Zammo Blog

What is VEO?  

Written by Alex Farr | Mar 26, 2020 10:29:28 PM

VEO (Voice Engine Optimization) is the process of improving the visibility of your organization on voice assistants such as Cortana, Google, and Alexa.

It’s like SEO but for voice rather than web. 

Most organizations have long had an SEO strategy, and plenty of businesses depend on being on the first page of Google, but few are ready for the wave of consumers switching to voice search. 

VEO requires a different approach to SEO because of three key differences between how people search on voice, how the results are presented, and where the information comes from. Learn why the stakes are higher in VEO than traditional SEO. 

1. HOW PEOPLE SEARCH ON VOICE

We, obviously, use voice search very differently than a web search. We talk to voice assistants just as we would a human being, because they’re intelligent enough to understand the intent behind our requests. 
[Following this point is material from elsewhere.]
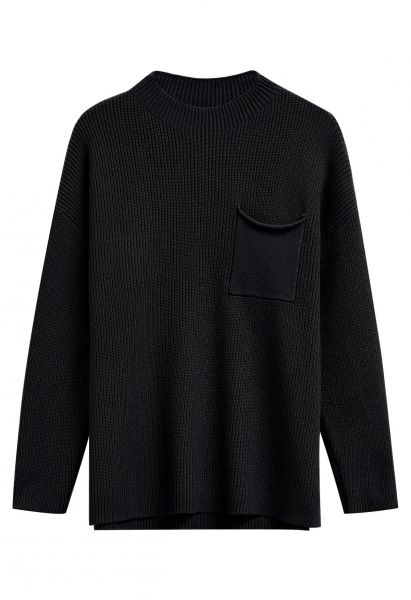 Suéter de punto acanalado con bolsillo de parche en negro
Google states that 70% of searches on Google Assistant use “natural language”. This means search terms or phrases are becoming longer and containing more filler words like ‘a’, ‘to’, or ‘the’ - which you wouldn't typically see on a web search.

2. HOW THE RESULTS ARE PRESENTED 

Users don’t get 10 blue links to browse through on voice search; they simply get a short answer read out. In Google’s instance, that answer usually comes from one of two places: 

Knowledge Graph - these are the information boxes that appear when you perform a web search for people, places, organizations, or things.  

Featured Snippets - these are the answer boxes that appear at the top of Google's organic results when you perform a web search for anything else. 

It’s these SERP features that have caused organic clicks on Google to drop by 37% - and because the information they provide is concise, it makes sense that they would power voice. 

3. WHERE THE INFORMATION COMES FROM

If you type your organization’s name into Google, your website should (hopefully) be the first result. 

Not on voice. 

A Voicebot study found that when Google Home and Amazon Alexa were asked “What is [brand name]?”, the assistants sourced information from Wikipedia over 99% of the time. If you don’t have a Wikipedia entry or a branded Voice App for users to engage with directly, then you probably don’t have a presence on voice - or any control of your customer experience on it. 

Wikipedia won’t be the go-to source for brand information forever. Algorithms are constantly evolving and we expect that voice assistants will start to automatically refer to Voice Apps for information, or to brand websites that have voice-optimized content on their site (learn how to optimize content for voice).  

Until algorithms get smarter or you launch a Voice App, there’s no certainty where your brand-related content will come from. There’s a high chance your customers will hear “I don’t know” when asking Google about your brand.  

Search algorithms are designed to provide users with the most optimal experience. Ultimately, that is powered by a Voice App, where you can solely design for conversation and not for screen-based devices as well. 

Voice Apps are the easiest way to win in VEO.